::: Records to process
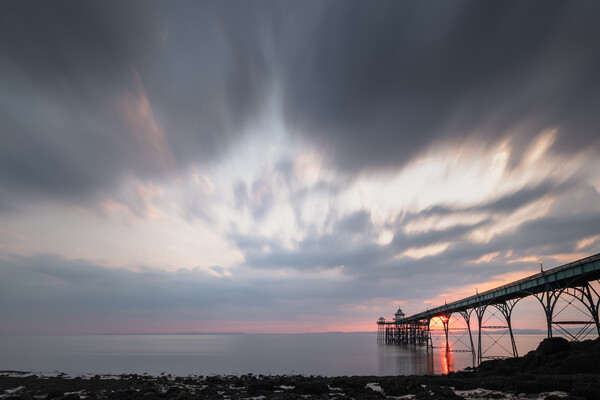 Clevedon Pier Sunset Picture Board by Mark Jones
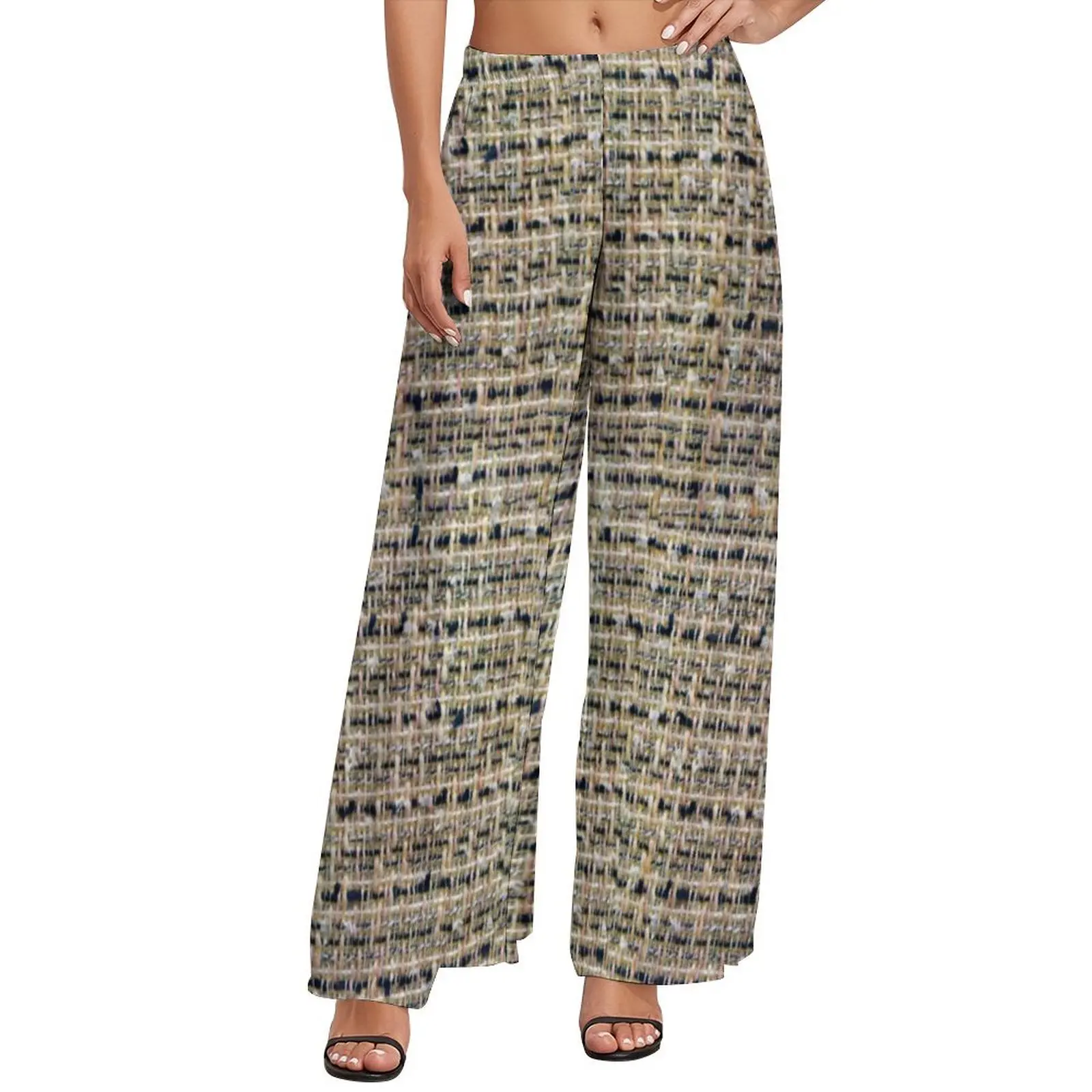 Tan Tweed Pattern Women's Fashion Pants Winter Bottoms for Stylish Outfits Versatile Sophisticated Look Ideal for Casual & Formal Occasions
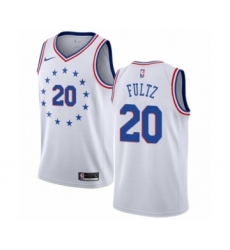 Youth Nike Philadelphia 76ers #20 Markelle Fultz White Swingman Jersey - Earned Edition
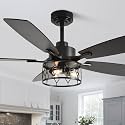 52 Inch Farmhouse Ceiling Fans with Lights and Remote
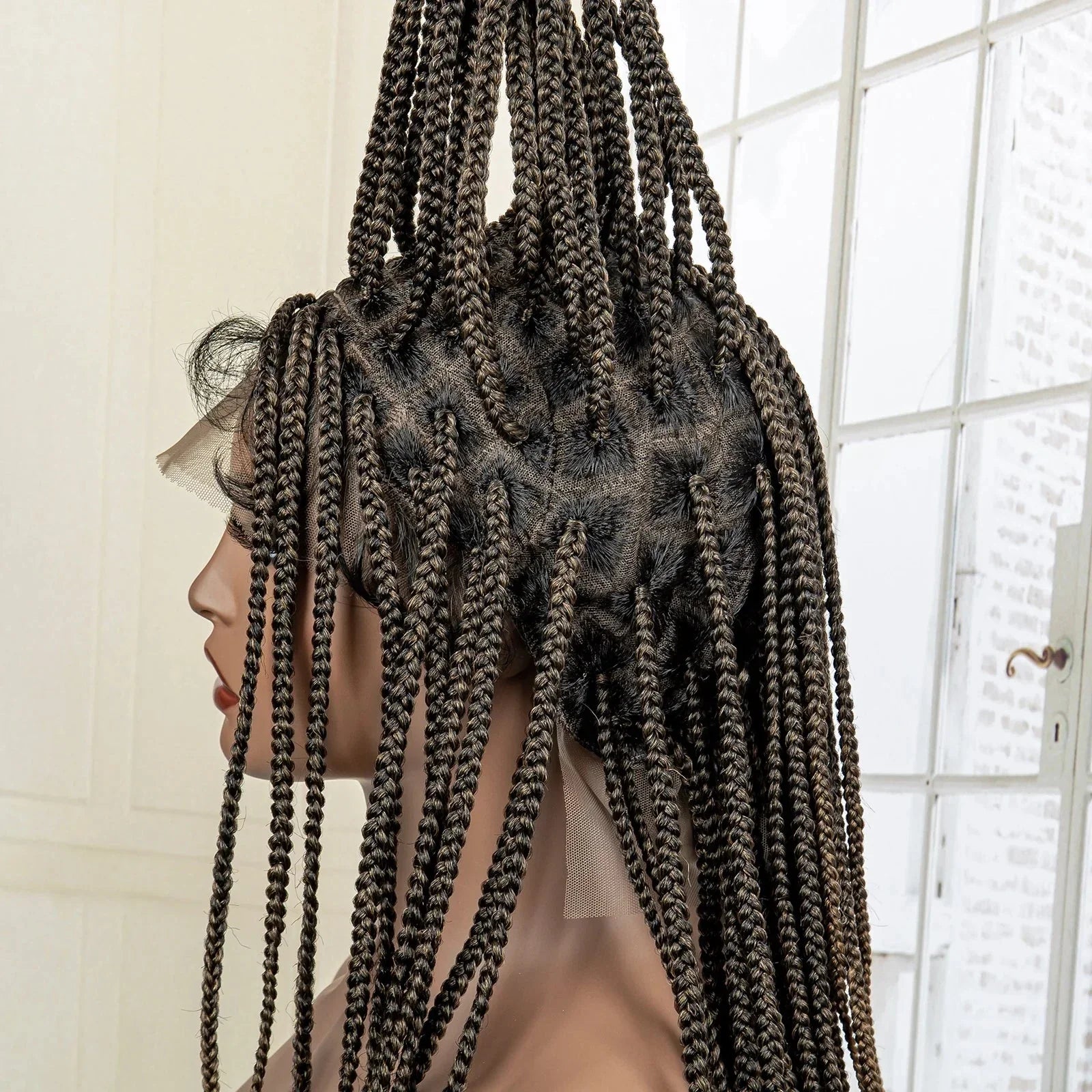 24" Full Lace Knotless Box Braided Wig | Lace Frontal Cornrow Braids | Baby Hair Synthetic Wig for Women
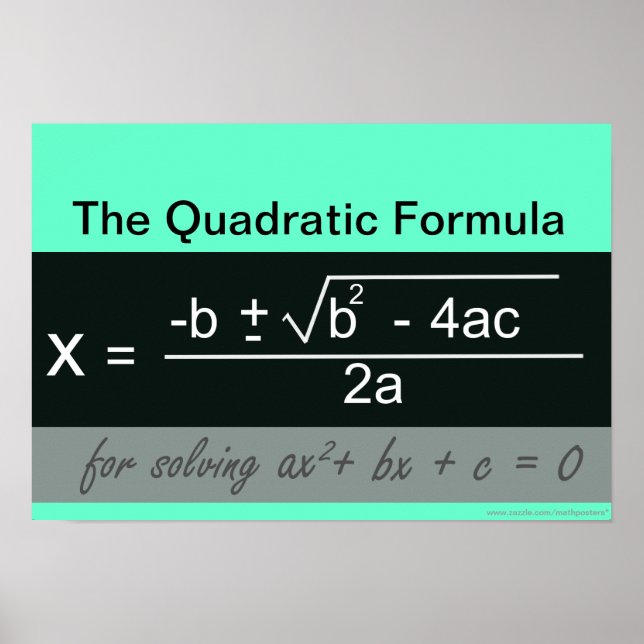Quadratic Formula Math Poster (Front)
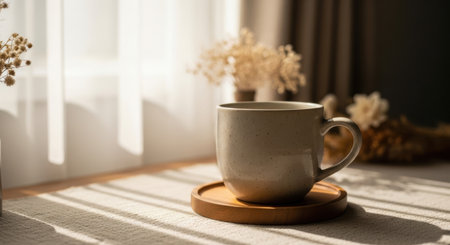 A cozy scene featuring a mug on a coaster, illuminated by gentle sunbeams.の素材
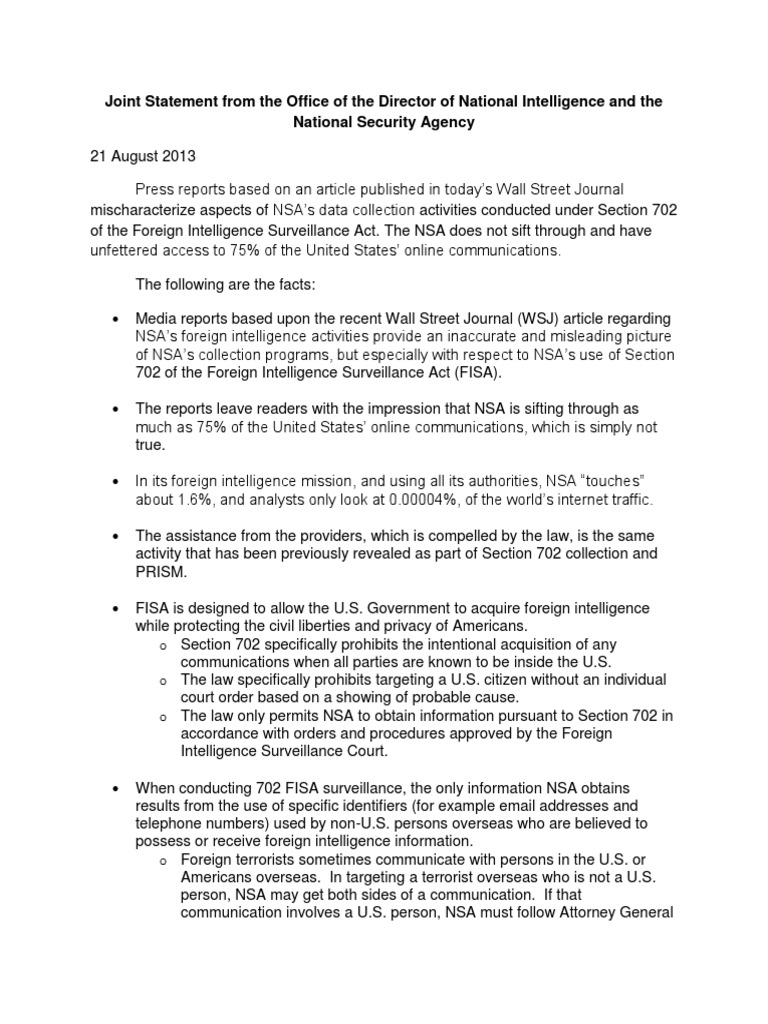 2013 08 21 Joint Statement ODNI NSA | PDF | National Security Agency ...
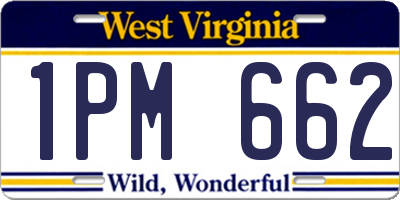 WV license plate 1PM662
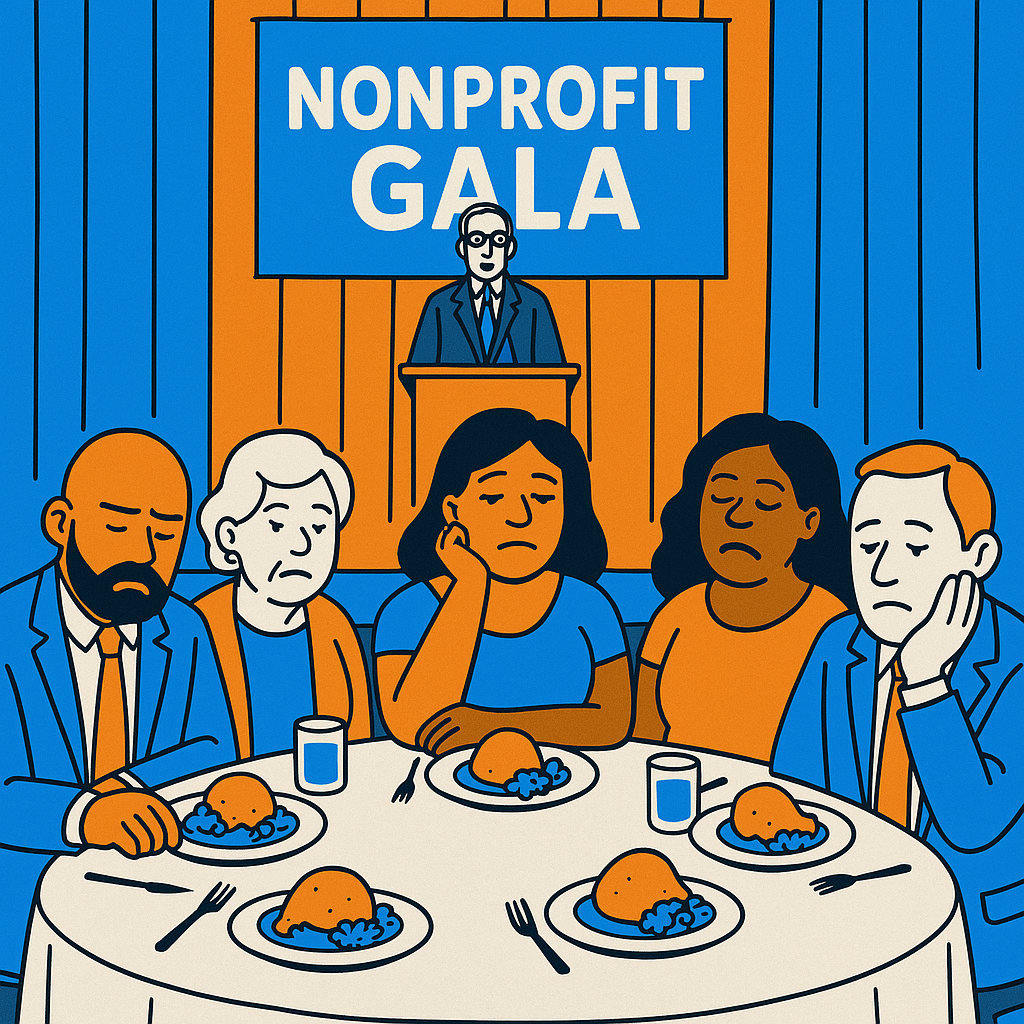 Cartoon depicting five people, diverse, sitting at a round table staring at a boring chicken dinner while ignoring a speaker at a nonprofit gala.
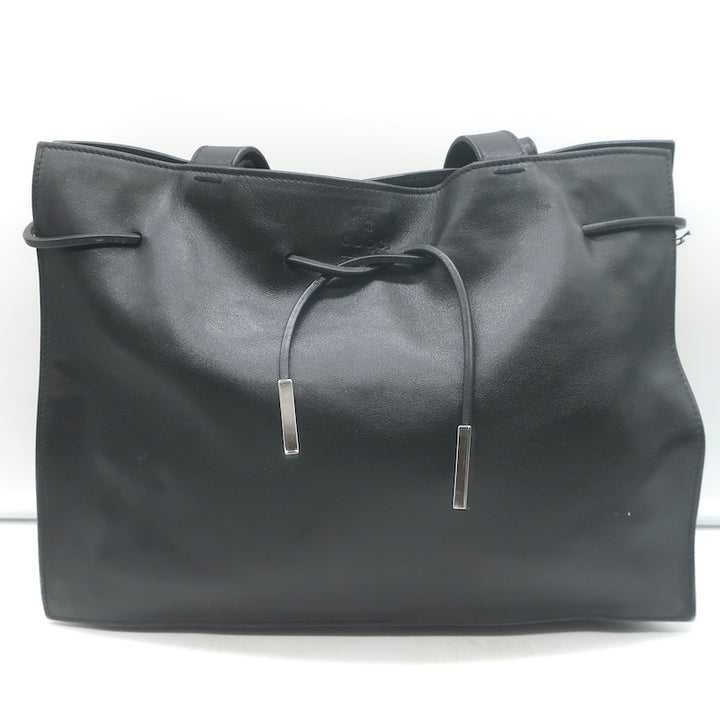 Vintage Gucci Drawstring Tote Black Leather Small Shoulder Bag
::::::
▸ **Problem requirements**
The lines above from the line with "Tan Tweed Pattern" through the line with "WV license plate 1PM662" are to be given again word for word, with no pictures among them.

▸ **Result below**
 Tan Tweed Pattern Women's Fashion Pants Winter Bottoms for Stylish Outfits Versatile Sophisticated Look Ideal for Casual & Formal Occasions
 Youth Nike Philadelphia 76ers #20 Markelle Fultz White Swingman Jersey - Earned Edition
 52 Inch Farmhouse Ceiling Fans with Lights and Remote
 24" Full Lace Knotless Box Braided Wig | Lace Frontal Cornrow Braids | Baby Hair Synthetic Wig for Women
Quadratic Formula Math Poster (Front)
 A cozy scene featuring a mug on a coaster, illuminated by gentle sunbeams.の素材
 2013 08 21 Joint Statement ODNI NSA | PDF | National Security Agency ...
 WV license plate 1PM662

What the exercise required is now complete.